(Image-text web data)
......

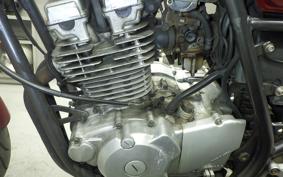 YAMAHA SRX250 Gen.2 3WP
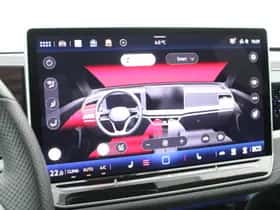 Volkswagen Passat thumbnail 30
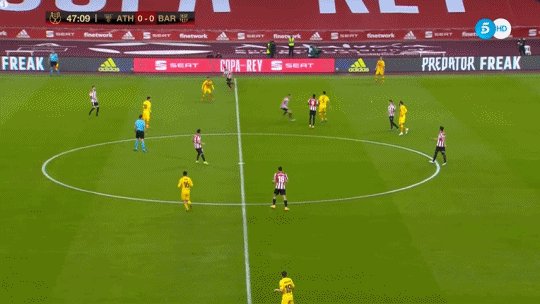 1618695987284080224.gif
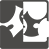 北方綠野_北方綠野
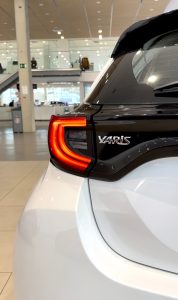WhatsApp-Image-2023-02-09-at-115605 - TOYOTA OURENSE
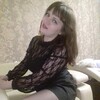 Юлия, 30, г.Барабинск Юлия, 30, г.Барабинск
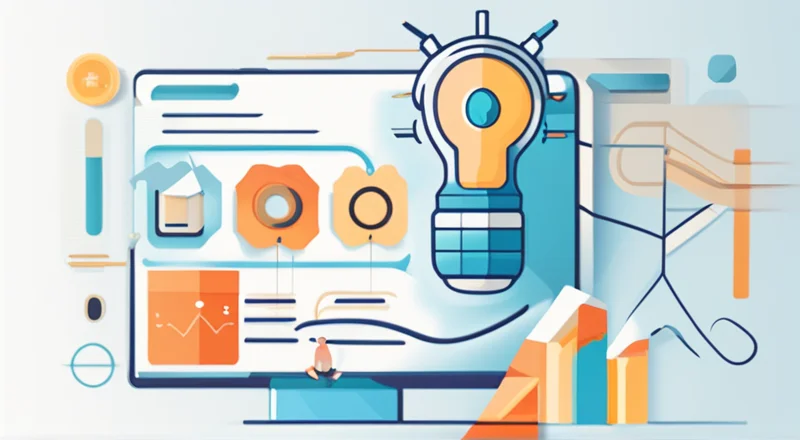 研发管理策略包括哪些关键元素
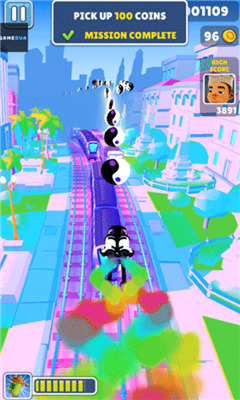 ̫֮ܿ·ذװ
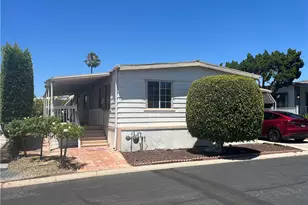 17700 Avalon Blvd, Carson, CA 90746 - Photo 31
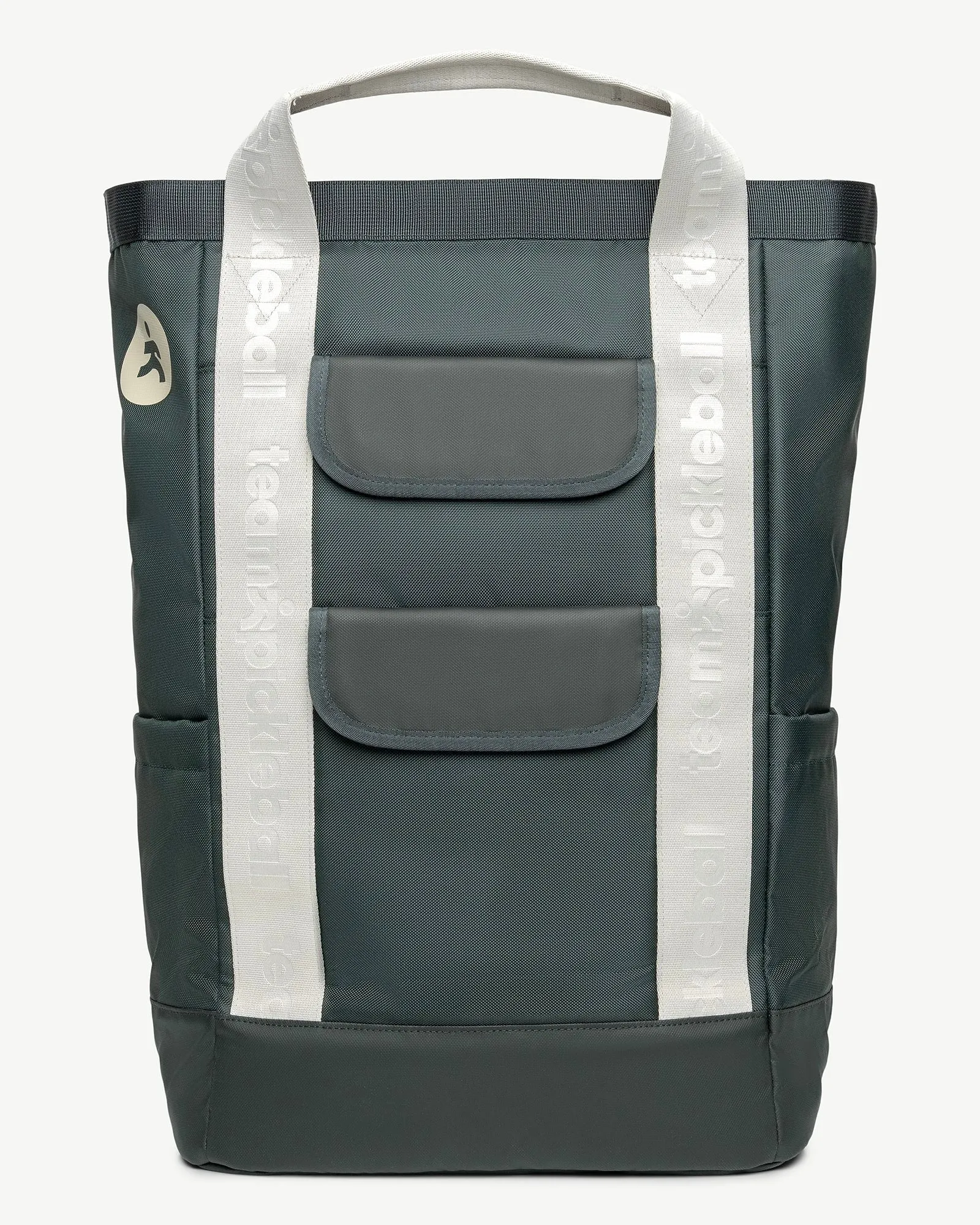 RePlay Pickleball Backpack
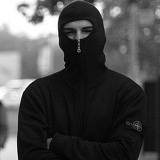 Валерий Шабанов, 10.12.1999, Астана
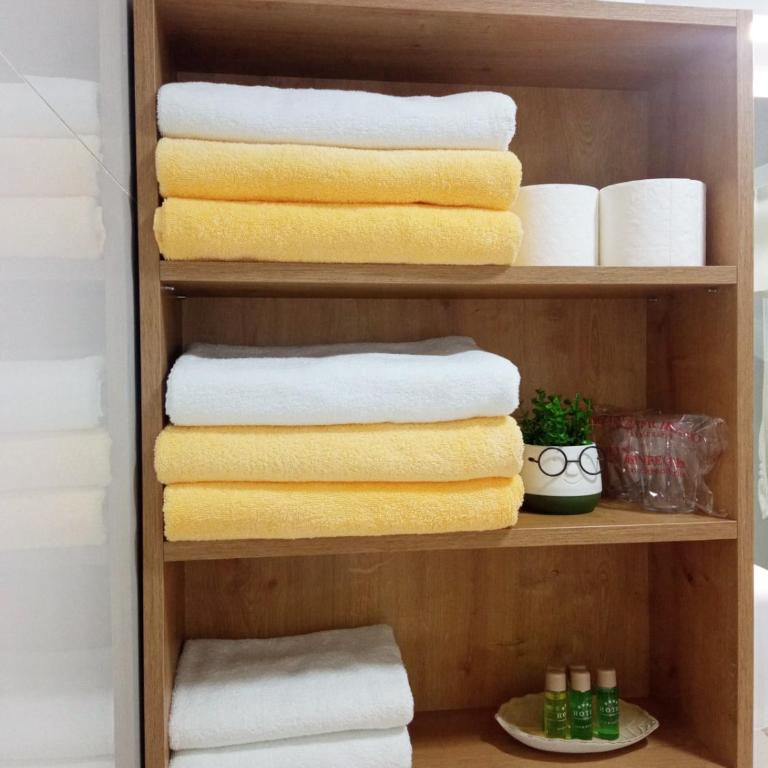 Apartman Bene - Apartman sa 1 Spavaćom Sobom - 22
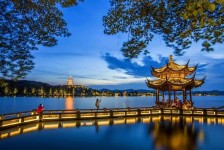 贺州游遍中国伴游网(旅游伴游中国)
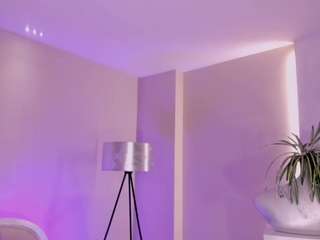 elizabethbennetx webcam model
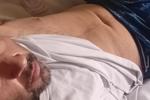 Horny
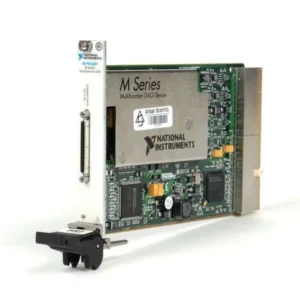 pxi 6251
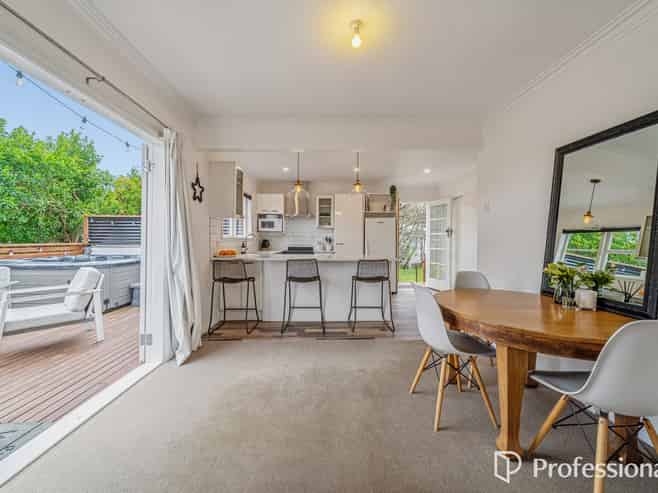 63 Main Road, Wainuiomata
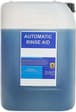 10 Litre Automatic Rinse Aid Liquid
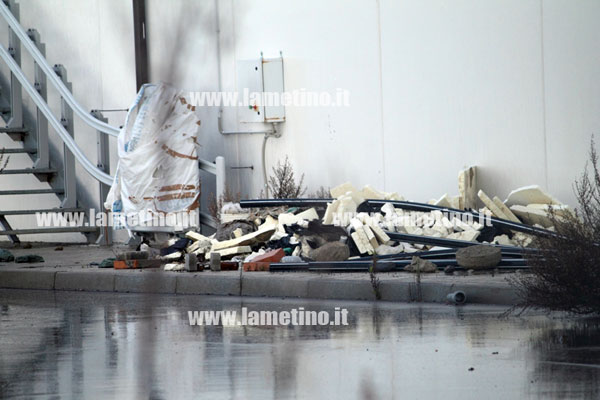 area-rotoli-lamezia-febbraio-2014-7.jpg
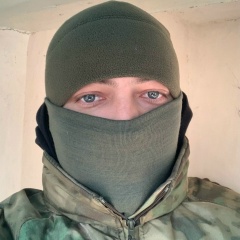 Заур Заур, Дербент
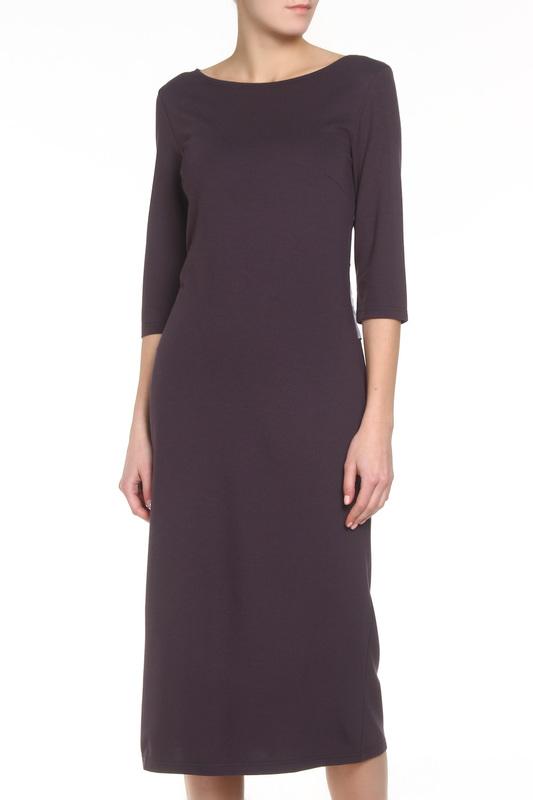 Сарафан Adzhedo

......

YOUR INSTRUCTIONS:
All of the entries above must be reproduced exactly, and no image may be included.

TASK SOLUTION:
 YAMAHA SRX250 Gen.2 3WP
 Volkswagen Passat thumbnail 30
 1618695987284080224.gif
 北方綠野_北方綠野
WhatsApp-Image-2023-02-09-at-115605 - TOYOTA OURENSE
 Юлия, 30, г.Барабинск Юлия, 30, г.Барабинск
 研发管理策略包括哪些关键元素
 ̫֮ܿ·ذװ
 17700 Avalon Blvd, Carson, CA 90746 - Photo 31
 RePlay Pickleball Backpack
 Валерий Шабанов, 10.12.1999, Астана
 Apartman Bene - Apartman sa 1 Spavaćom Sobom - 22
 贺州游遍中国伴游网(旅游伴游中国)
 elizabethbennetx webcam model
 Horny
 pxi 6251
 63 Main Road, Wainuiomata
 10 Litre Automatic Rinse Aid Liquid
 area-rotoli-lamezia-febbraio-2014-7.jpg
 Заур Заур, Дербент
 Сарафан Adzhedo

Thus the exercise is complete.